God. Marie was sane ninety-nine point nine percent of the time. And then you got the schitzy tenth percent.

“I don’t care, we should get off the dock… get where we’ve got protection…”

Marie threw a look over her shoulder. Started running. He did, casting a fast look back, and they had, and he caught up to Marie, grabbed her arm as they were running and tried to drag her into the nearest bar, but Marie started fighting him and he let go and put on double speed as the
Corinthian
crewmen came pounding up the deck behind them.

They knocked into a woman coming out of a bar, knocked her flat, and kept going. People were shouting.

Then he saw people start to run toward them from down the dock in the other direction, and realized it was Saja in the lead.

Marie started to change direction. “It’s Saja!” he yelled at her, and grabbed her and ran for oncoming reinforcements.

But
Corinthian
personnel weren’t giving up the chase. They reached Saja and three of the cousins, and Saja had pulled a length of light chain from his pocket, the cousins had come up with other contraband, and there wasn’t time to think about anything but getting Marie out of there.

Except Marie wouldn’t go, Marie had a piece of chain, too, and it whipped about and caught a
Corinthian
crewman across the neck. There was a pile-up of bodies as the man went down, Marie went down, and the nearest bar emptied out more Corinthians.

“Security!” somebody yelled, on their side or
Corinthian’s
or the bystanders, he wasn’t sure, only a number of people had mixed into it that weren’t
Corinthian
or
Sprite
, people yelling that the cops were coming, about the time a fist came out of nowhere and hit him in the temple.

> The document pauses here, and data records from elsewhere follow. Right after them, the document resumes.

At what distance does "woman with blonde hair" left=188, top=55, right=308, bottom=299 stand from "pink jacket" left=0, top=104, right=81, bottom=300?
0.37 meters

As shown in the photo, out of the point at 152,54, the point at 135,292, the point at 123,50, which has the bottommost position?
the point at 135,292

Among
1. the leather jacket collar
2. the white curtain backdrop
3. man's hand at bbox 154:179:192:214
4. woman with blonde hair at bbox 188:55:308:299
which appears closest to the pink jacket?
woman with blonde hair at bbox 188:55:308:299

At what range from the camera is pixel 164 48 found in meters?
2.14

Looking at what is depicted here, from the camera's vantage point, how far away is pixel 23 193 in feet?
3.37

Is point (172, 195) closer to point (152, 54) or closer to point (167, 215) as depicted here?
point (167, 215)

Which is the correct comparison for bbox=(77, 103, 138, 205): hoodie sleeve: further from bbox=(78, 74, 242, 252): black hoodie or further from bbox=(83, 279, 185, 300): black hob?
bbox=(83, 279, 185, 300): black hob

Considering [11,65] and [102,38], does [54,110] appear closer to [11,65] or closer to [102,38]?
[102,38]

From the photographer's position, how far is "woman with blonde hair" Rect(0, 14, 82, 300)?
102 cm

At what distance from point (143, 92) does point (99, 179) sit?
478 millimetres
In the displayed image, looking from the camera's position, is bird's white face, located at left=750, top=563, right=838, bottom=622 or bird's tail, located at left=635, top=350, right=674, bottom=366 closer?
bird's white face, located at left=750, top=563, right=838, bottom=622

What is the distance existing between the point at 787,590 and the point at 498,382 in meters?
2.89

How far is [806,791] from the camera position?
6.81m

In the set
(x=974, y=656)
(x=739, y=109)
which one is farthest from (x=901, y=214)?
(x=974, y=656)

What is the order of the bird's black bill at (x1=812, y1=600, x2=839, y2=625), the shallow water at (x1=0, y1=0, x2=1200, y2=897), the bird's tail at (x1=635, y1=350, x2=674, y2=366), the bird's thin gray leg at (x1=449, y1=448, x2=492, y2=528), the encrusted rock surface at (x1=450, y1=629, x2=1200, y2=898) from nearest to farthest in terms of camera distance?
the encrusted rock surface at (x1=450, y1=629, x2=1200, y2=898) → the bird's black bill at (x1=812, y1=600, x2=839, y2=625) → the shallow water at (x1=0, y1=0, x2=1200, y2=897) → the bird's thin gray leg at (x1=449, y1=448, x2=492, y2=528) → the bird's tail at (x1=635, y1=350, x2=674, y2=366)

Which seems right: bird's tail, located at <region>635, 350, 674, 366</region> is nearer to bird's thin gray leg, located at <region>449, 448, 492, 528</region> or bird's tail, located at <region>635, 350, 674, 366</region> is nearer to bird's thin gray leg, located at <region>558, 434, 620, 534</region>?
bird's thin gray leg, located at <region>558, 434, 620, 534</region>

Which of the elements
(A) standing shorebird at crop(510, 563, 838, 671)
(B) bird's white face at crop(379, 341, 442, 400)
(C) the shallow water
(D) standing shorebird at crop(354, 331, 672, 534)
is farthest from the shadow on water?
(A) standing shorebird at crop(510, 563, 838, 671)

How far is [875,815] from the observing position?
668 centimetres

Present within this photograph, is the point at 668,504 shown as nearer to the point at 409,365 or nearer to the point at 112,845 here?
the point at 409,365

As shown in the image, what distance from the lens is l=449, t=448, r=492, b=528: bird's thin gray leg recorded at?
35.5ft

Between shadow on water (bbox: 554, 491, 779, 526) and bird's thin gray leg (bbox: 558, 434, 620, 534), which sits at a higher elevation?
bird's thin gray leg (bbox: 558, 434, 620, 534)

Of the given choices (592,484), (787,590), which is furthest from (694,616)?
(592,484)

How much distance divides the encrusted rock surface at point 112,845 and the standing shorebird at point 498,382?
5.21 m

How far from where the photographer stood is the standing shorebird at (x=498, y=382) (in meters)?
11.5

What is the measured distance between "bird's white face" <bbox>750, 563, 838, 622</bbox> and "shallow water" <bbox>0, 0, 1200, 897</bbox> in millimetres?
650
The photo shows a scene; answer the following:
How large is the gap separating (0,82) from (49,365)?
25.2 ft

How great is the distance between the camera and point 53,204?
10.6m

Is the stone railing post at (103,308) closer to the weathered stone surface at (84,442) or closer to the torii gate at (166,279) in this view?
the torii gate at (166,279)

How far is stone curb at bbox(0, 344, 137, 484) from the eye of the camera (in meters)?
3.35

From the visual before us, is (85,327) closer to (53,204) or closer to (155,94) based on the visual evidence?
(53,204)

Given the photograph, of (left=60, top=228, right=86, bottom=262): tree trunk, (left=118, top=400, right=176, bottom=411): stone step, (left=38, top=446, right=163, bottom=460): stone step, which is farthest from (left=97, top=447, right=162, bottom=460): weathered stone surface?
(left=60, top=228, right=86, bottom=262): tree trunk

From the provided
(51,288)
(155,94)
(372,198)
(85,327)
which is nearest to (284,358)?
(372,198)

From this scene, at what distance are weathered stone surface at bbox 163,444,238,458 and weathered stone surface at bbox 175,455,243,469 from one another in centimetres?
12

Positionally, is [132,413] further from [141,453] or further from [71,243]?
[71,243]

He couldn’t see. He stumbled over somebody’s leg or arm and went down, trying to fend off the attack with his uplifted arm, hearing chains flying and people yelling—he heard somebody yell cops, and look out, and he couldn’t find Marie, couldn’t find anything but the deck-plates. He scrambled for what he thought was a clear zone, and met what might be the frontage wall, he wasn’t sure. Hands helped him up, held onto him as the dark gave way to hazy sight and an orbiting couple of red spots.

Flashing blue, then. The cops were coming in, breaking it up with stun-sticks and bare hands. He didn’t see Marie. He didn’t know what to do. They were hauling people out of the tangle on the deck and arresting them and he found space to retreat at his back, people just pushing past him to shout information, who’d swung, who’d done what, the cops were shouting to calm down, they wanted officers, and they wanted them now.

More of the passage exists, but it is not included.